Stored items from a collection:
■ ■ ■ ■

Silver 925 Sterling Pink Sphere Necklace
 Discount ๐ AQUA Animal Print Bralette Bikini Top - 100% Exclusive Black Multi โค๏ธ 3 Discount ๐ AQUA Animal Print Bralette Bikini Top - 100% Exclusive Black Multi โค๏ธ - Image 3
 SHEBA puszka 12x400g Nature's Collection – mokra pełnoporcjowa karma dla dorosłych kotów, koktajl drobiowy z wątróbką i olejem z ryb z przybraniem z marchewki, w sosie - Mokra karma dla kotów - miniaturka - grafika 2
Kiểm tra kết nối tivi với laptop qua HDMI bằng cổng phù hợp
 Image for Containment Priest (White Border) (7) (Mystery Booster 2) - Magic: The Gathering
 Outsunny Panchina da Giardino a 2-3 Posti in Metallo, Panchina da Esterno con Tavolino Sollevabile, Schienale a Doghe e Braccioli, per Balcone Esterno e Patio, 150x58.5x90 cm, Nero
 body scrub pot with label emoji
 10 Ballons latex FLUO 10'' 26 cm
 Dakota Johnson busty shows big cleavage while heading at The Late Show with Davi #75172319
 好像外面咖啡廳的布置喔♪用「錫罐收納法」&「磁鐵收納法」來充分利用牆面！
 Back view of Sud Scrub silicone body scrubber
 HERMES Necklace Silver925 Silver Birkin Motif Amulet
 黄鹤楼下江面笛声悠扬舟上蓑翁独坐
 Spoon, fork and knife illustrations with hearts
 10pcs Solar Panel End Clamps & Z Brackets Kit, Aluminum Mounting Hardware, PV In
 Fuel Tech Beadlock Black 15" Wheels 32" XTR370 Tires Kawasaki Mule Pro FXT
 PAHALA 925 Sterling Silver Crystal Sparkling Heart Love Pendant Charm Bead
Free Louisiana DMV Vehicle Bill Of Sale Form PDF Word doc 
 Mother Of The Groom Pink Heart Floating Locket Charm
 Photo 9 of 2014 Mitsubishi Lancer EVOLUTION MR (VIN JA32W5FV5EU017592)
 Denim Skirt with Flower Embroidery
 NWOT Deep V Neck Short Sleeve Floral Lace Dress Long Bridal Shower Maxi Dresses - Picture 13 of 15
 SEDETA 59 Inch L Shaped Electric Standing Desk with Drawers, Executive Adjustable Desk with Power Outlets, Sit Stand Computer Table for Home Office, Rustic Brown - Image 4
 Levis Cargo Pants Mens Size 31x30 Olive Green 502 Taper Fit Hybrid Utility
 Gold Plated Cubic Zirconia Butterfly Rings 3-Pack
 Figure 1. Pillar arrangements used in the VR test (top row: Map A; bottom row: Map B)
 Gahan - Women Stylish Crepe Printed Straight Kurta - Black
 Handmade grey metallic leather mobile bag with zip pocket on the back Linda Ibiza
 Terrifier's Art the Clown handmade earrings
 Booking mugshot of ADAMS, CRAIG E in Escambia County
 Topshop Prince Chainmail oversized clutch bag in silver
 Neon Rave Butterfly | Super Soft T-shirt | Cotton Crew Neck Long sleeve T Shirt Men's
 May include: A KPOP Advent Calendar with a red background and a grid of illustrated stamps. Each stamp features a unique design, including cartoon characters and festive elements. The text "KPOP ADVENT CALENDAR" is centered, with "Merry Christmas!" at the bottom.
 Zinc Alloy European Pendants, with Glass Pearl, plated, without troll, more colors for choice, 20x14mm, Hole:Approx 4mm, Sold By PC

■ ■ ■ ■

• EXERCISE PROMPT: Among the records above, find each line containing the string "Butterfly" and copy it.

• ANSWER TO THIS PROBLEM:
 Gold Plated Cubic Zirconia Butterfly Rings 3-Pack
 Neon Rave Butterfly | Super Soft T-shirt | Cotton Crew Neck Long sleeve T Shirt Men's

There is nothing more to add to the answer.